▶ _YOUR TASK_
For the records below, print the lines from the line with "14 7bb9aa9d-a37f-43eb-8016-0bb23afaeddf. jpg" through the line with "ElisabethBluch" exactly as written; include both end lines and exclude the rest.

▶ _RECORD EXCERPTS_
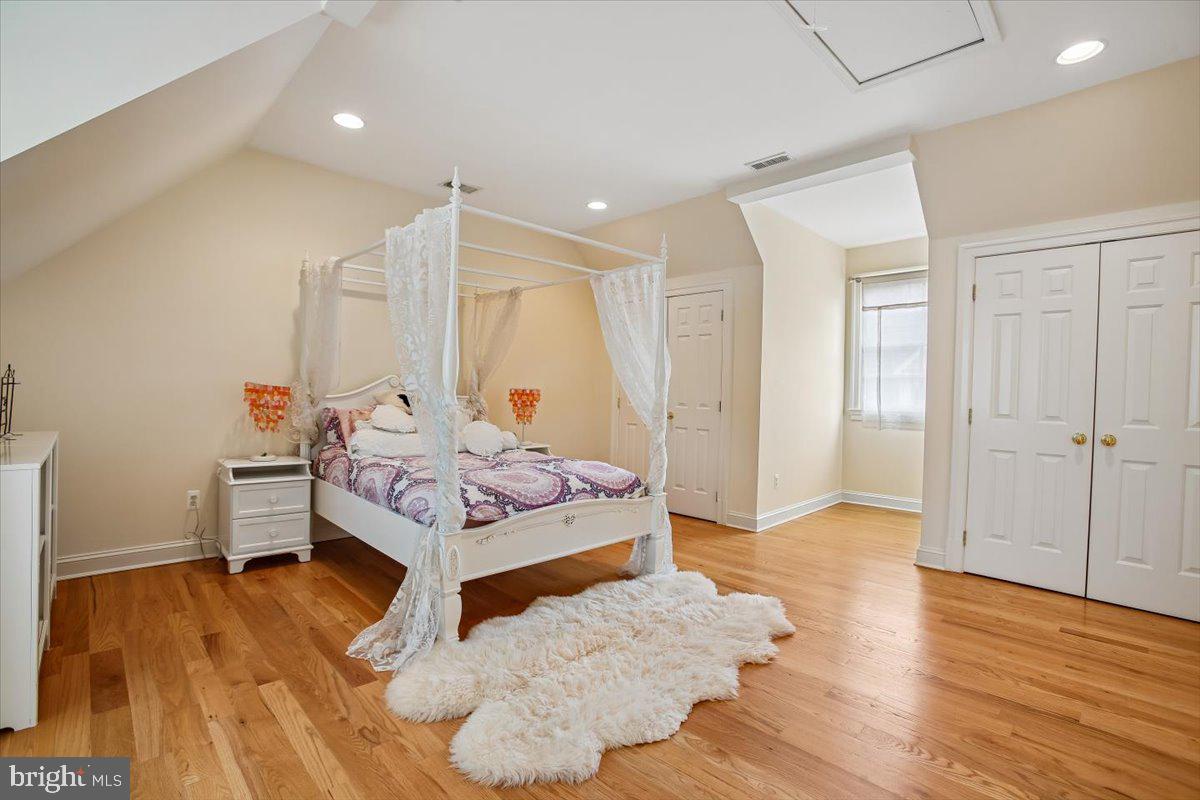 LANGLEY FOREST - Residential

--

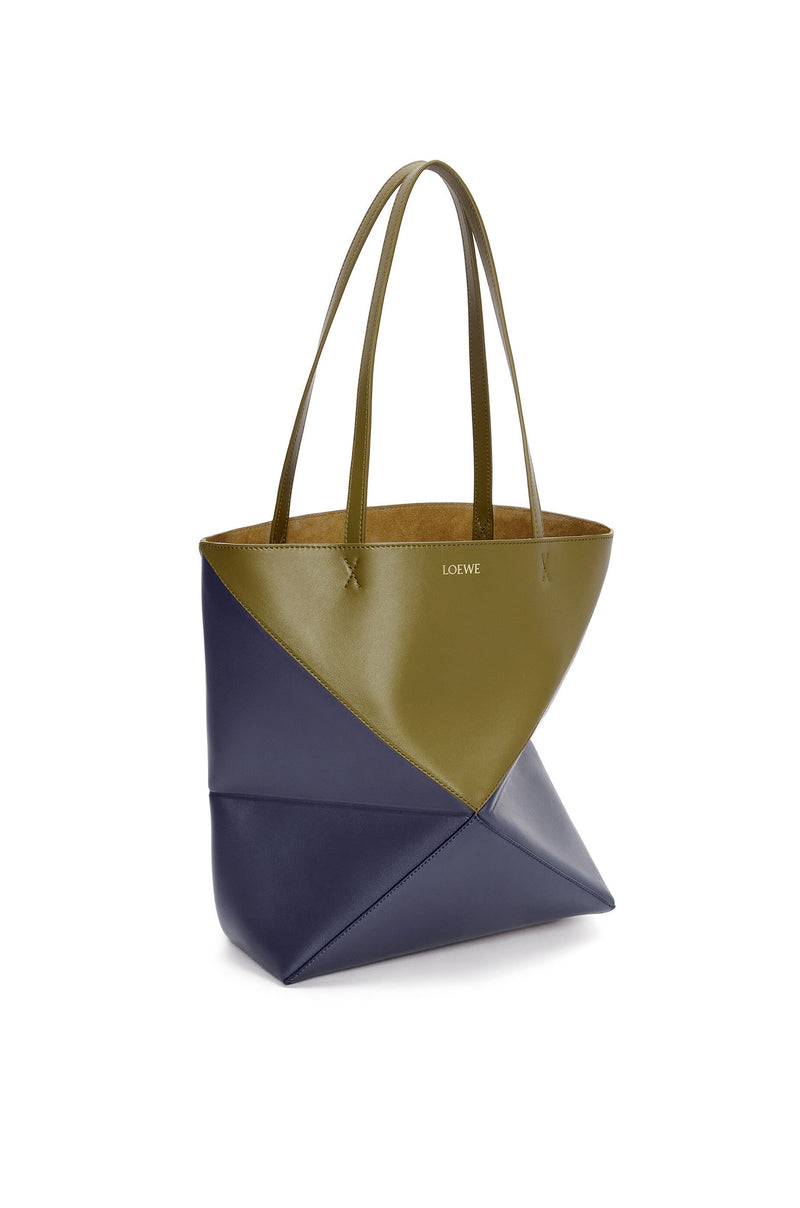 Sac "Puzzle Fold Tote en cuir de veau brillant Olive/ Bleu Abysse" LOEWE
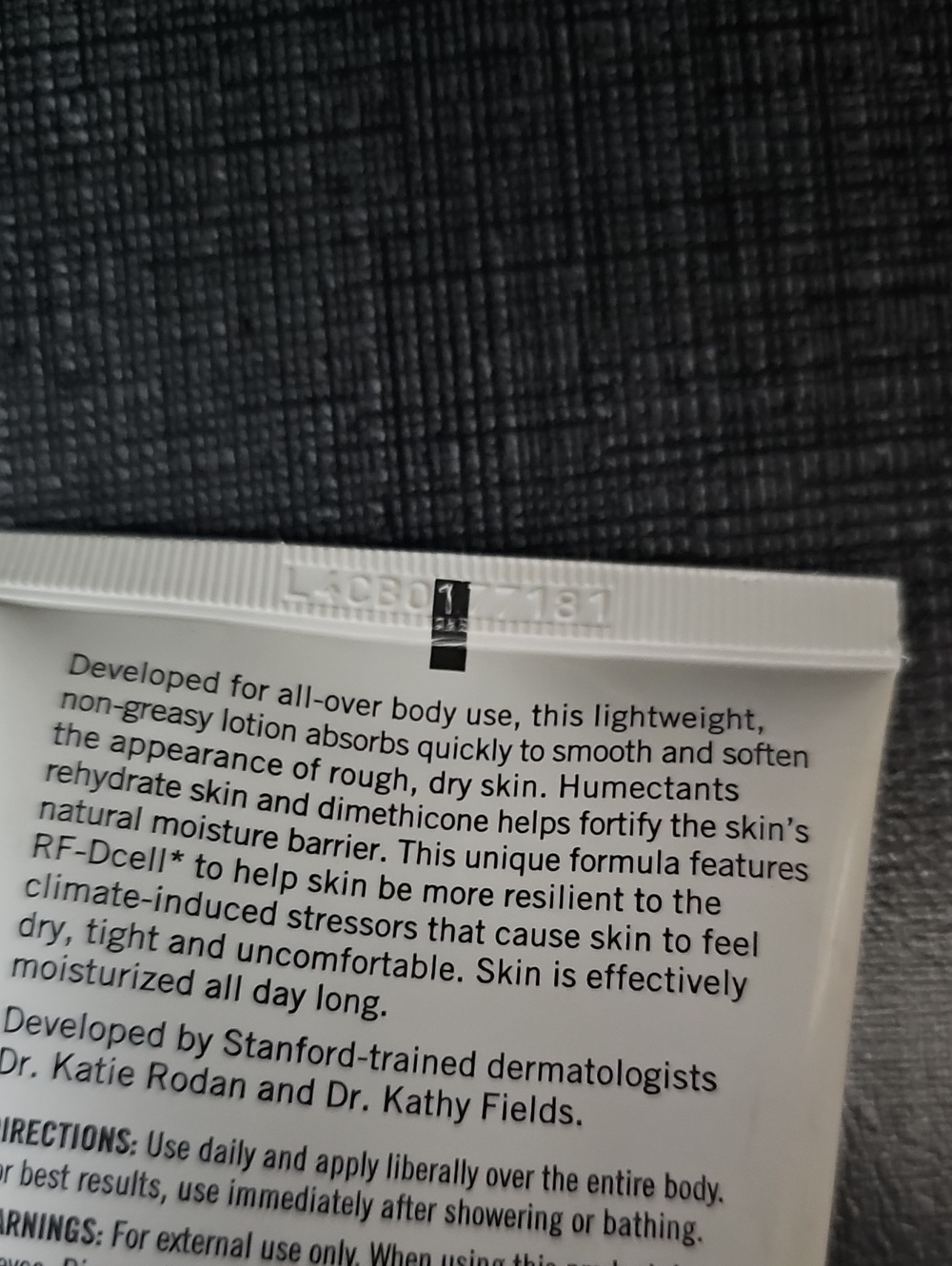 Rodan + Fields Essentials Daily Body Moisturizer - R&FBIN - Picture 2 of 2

...

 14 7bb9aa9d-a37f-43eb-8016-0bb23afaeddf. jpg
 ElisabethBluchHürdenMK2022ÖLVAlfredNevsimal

▶ _RESPONSE TO THIS EXERCISE_
 14 7bb9aa9d-a37f-43eb-8016-0bb23afaeddf. jpg
 ElisabethBluchHürdenMK2022ÖLVAlfredNevsimal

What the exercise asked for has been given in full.